**EXERCISE BRIEF:** Could the data below be retyped exactly, without its pictures?

[[ DATASET EXCERPT open ]]

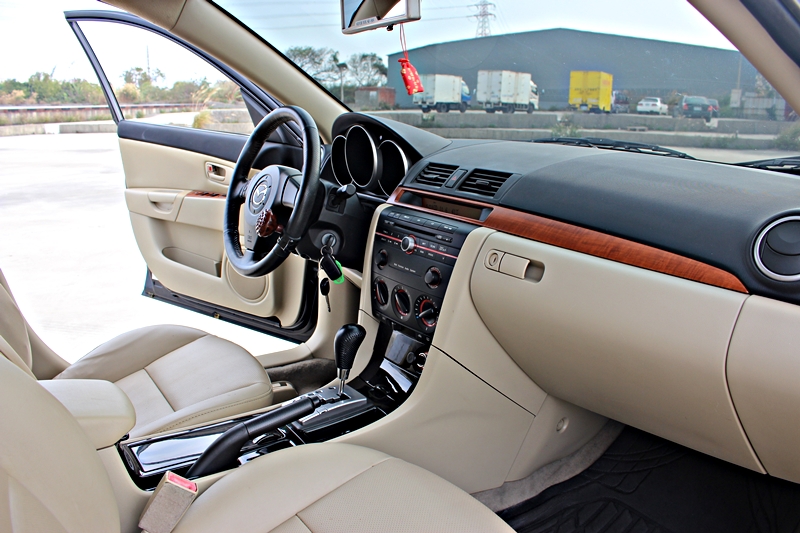 2005年 Mazda3 1.6 天窗 優質代步車 里程跑少 車況履約保證保固 可全額貸 免頭款交車  第8張相片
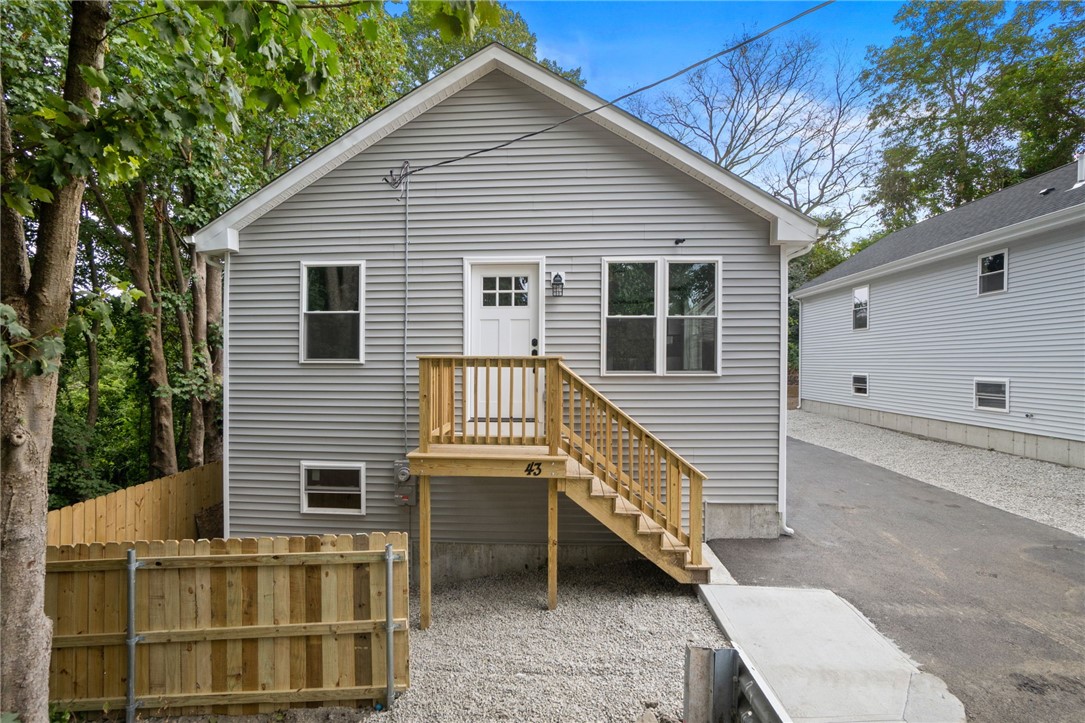 43 Derry Street Providence, RI 02908 - Photo 1 of 18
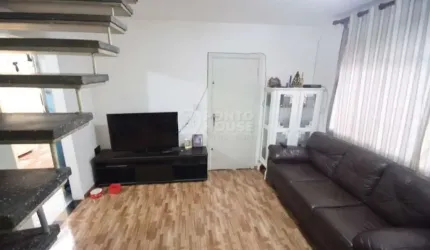 Sobrado à venda no bairro Saúde de 90m², 3 dormitórios, 2 banheiros e 1 vaga
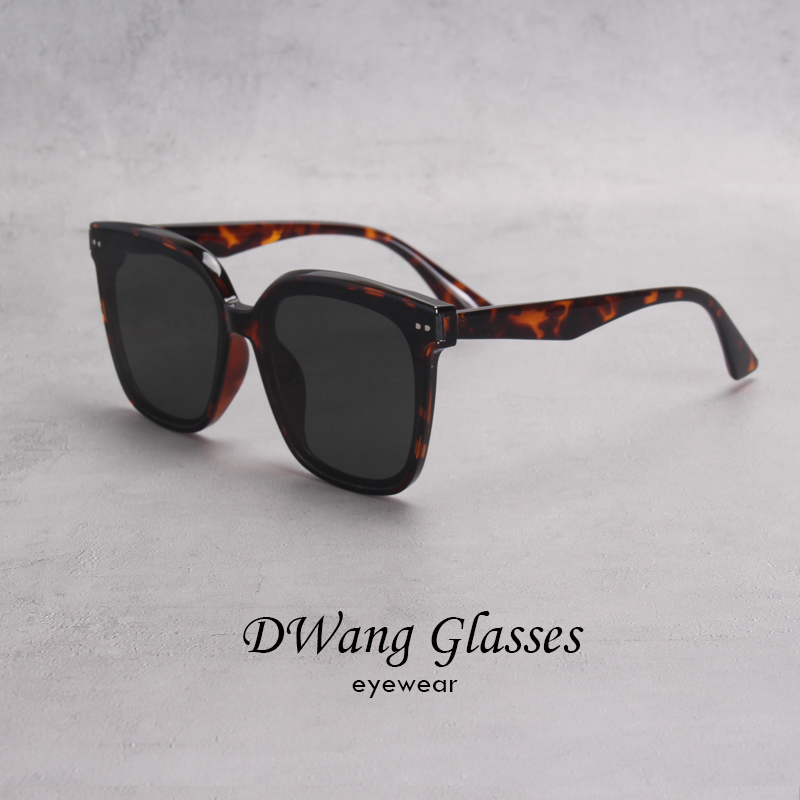 韩版TR超轻大框墨镜男明星同款太阳镜遮脸防紫外线圆脸女平面镜片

[[ DATASET EXCERPT closed ]]

**ANSWER BOX:**
 2005年 Mazda3 1.6 天窗 優質代步車 里程跑少 車況履約保證保固 可全額貸 免頭款交車  第8張相片
 43 Derry Street Providence, RI 02908 - Photo 1 of 18
 Sobrado à venda no bairro Saúde de 90m², 3 dormitórios, 2 banheiros e 1 vaga
 韩版TR超轻大框墨镜男明星同款太阳镜遮脸防紫外线圆脸女平面镜片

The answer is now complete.